Given material.
=== Begin Enclosure ===

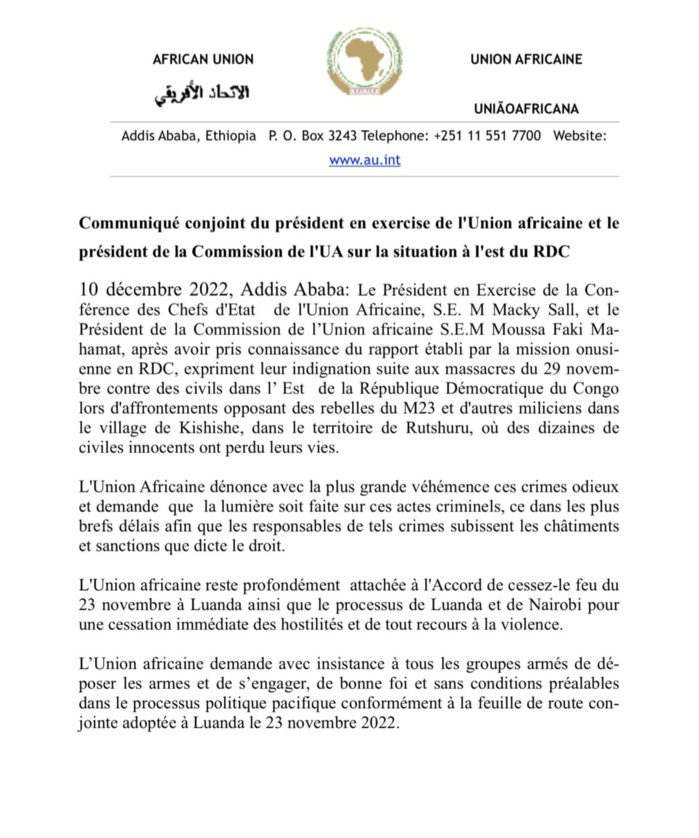 Massacre à l'est de la RDC : les réactions du Président en exercice de l'Union africaine, Macky Sall et du président de la Commission de l’UA Moussa Faki...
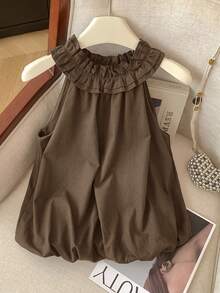 Resyla 女士荷叶边花卉吊带背心，夏季度假 - 棕色 - 查看 1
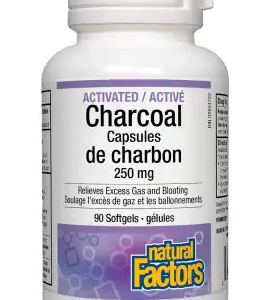 Natural Factors Activated Charcoal 250mg, 90softgels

=== End Enclosure ===

About this task. Reproduce the listing word for word, but keep the pictures out of it.

Expected answer.
 Massacre à l'est de la RDC : les réactions du Président en exercice de l'Union africaine, Macky Sall et du président de la Commission de l’UA Moussa Faki...
 Resyla 女士荷叶边花卉吊带背心，夏季度假 - 棕色 - 查看 1
 Natural Factors Activated Charcoal 250mg, 90softgels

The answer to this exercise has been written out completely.